The popular imagination of the Messiah—a supernatural figure who transcends the laws of physics—is largely the product of Midrashic allegory. However, when we look at authoritative sources like the Rambam (Maimonides), the picture is starkly different.
The Rambam defines the Mashiach primarily as a king – a political figure – who fights wars and restores sovereignty. In the Rambam’s view the Messiah is not necessarily a scholar or a miracle worker; he is a leader who operates within the realm of the real. The “supernatural” descriptions in our tradition are often pedagogical tools, not blueprints for statecraft.
When we treat these allegories as literal “wait-and-see” policies, we abandon the Torah’s core message: personal responsibility and man’s partnership with the Creator.
Consider the Greenland example. If the Orthodox leadership were at the helm, would they be planning for the shifting tectonic plates of global trade? Or would they dismiss such concerns as “nonsense” because the Geulah is imminent in the coming weeks as Rabbi Reuven Elbaz head of the Moetzet Chachmei HaTorah which is affiliated with the Shas party said this week.
A society that views the future through a lens of magical intervention is a society that fails to build. It fails to invest in the infrastructure, the science, and the technology required to survive in a volatile world. If you believe a building will fall from heaven, you don’t study urban planning. If you believe the economy will be managed by miracles, you don’t study global markets.
This mindset is not “religious fervor”; it is a dereliction of our duty to repair the world under the sovereignty of God. To repair the world, one must first understand how the world works.
The Torah demands that we engage with the “Laws of Nature.” Science and technology are not distractions from the Knowledge of God; they are the Knowledge of God in the physical realm. A “Practical Torah” is one that equips a nation to navigate the next century, not one that waits for the next miracle.
The purpose of Judaism is to bring the world to a state of peace and abundance through human agency blessed by Divine support. As the verse says, it is God who gives us the strength לעשות חיל (to achieve greatness/wealth). Note the phrasing: He gives us the strength to do. He does not do it for us while we sit idle.

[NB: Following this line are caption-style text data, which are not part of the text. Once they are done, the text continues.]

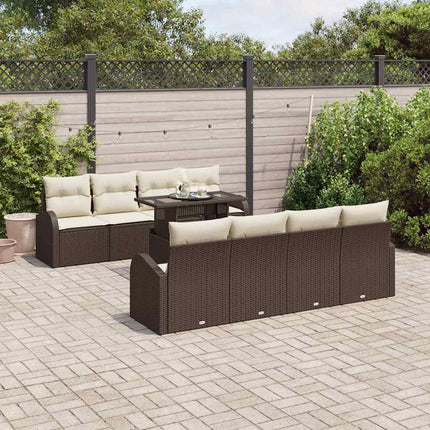 Trädgårdsoffset med kudde 7 pcs Brun Poly rattan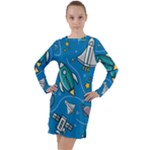 About-space-seamless-pattern Long Sleeve Hoodie Dress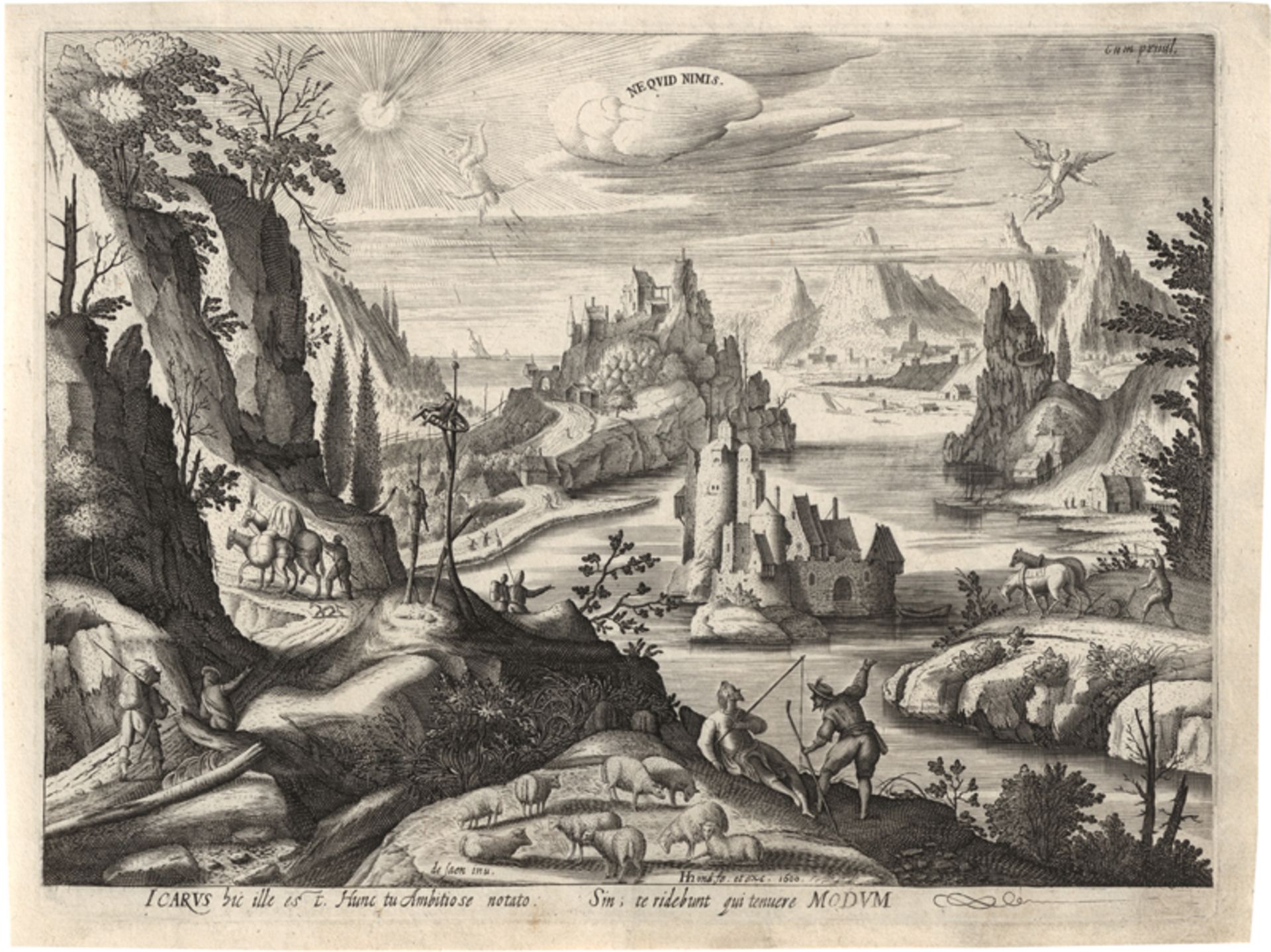 Hondius, Hendrick: Landschaft mit dem Sturz des Ikarus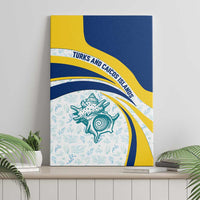 Turks and Caicos Islands Canvas Wall Art with Sea Shell Graphic and Yellow Blue Wave Design - Wonder Print Shop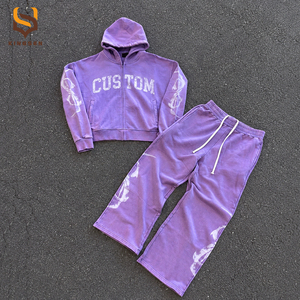 Conjunto Deportivo de Hombre, Pantalones Deportivos de Felpa Francesa de Algodón y Sudadera con Capucha y Cierre de Cremallera, Diseño con Estampado y Lavado Ácido - Product Image 1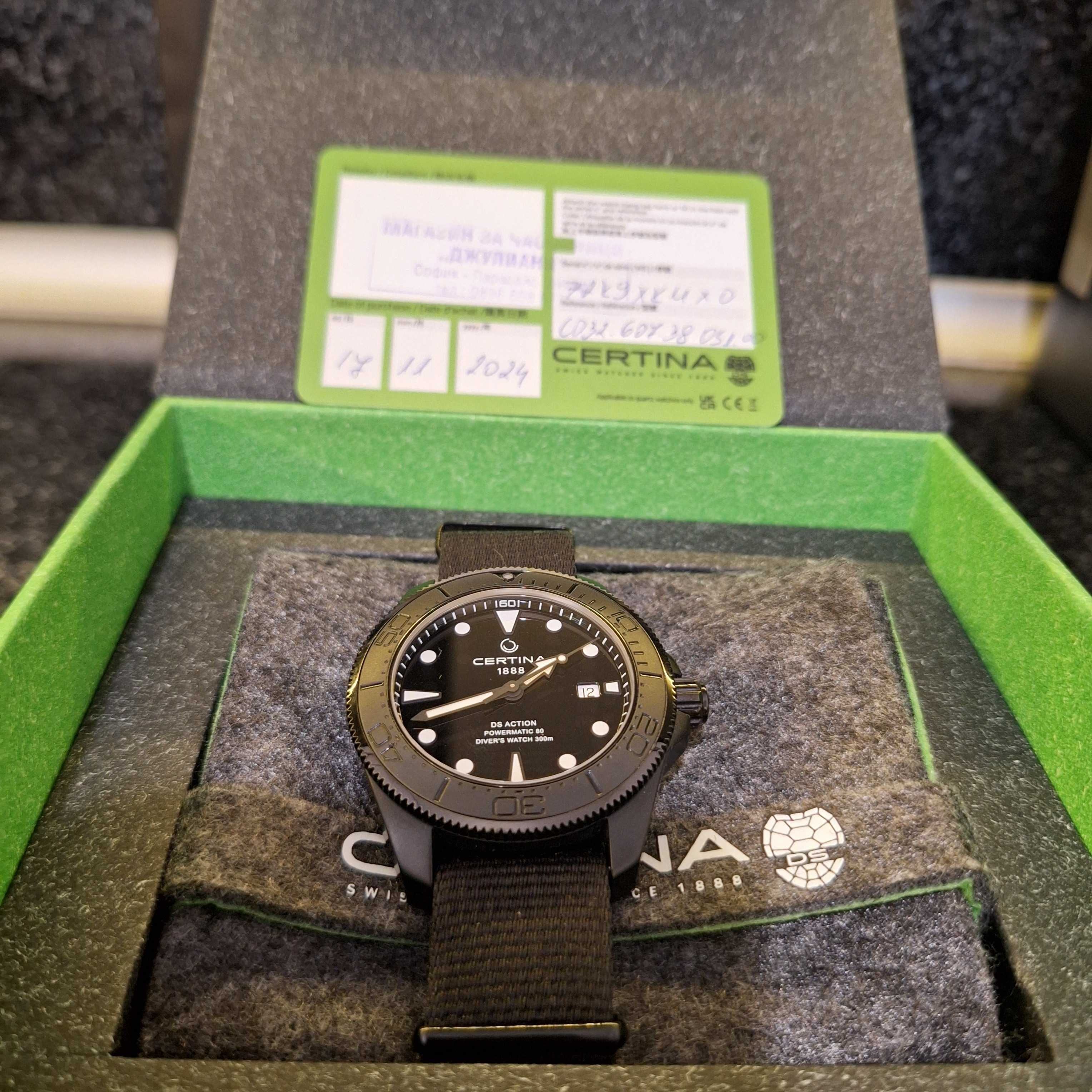 Certina DS Action Diver  300m black  43 mm  Powermatic 80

We need a leadership that prays for Mashiach every day while actively cultivating the environment from which he can emerge. We must raise a generation of forward-thinking visionaries—leaders defined not by magical thinking, but by profound wisdom, unwavering honesty, and the strategic character necessary to persuade nations toward the good
We can love the idea of the Messiah and still recognize that the path to that era is paved with outreach, planning, and a deep commitment to the reality of the ground. Trusting in God’s plan does not mean having no plan of our own. On the contrary, the highest form of trust is to use the tools He gave us—intellect, foresight, and responsibility—to secure the future of the State of Israel and the Jewish People.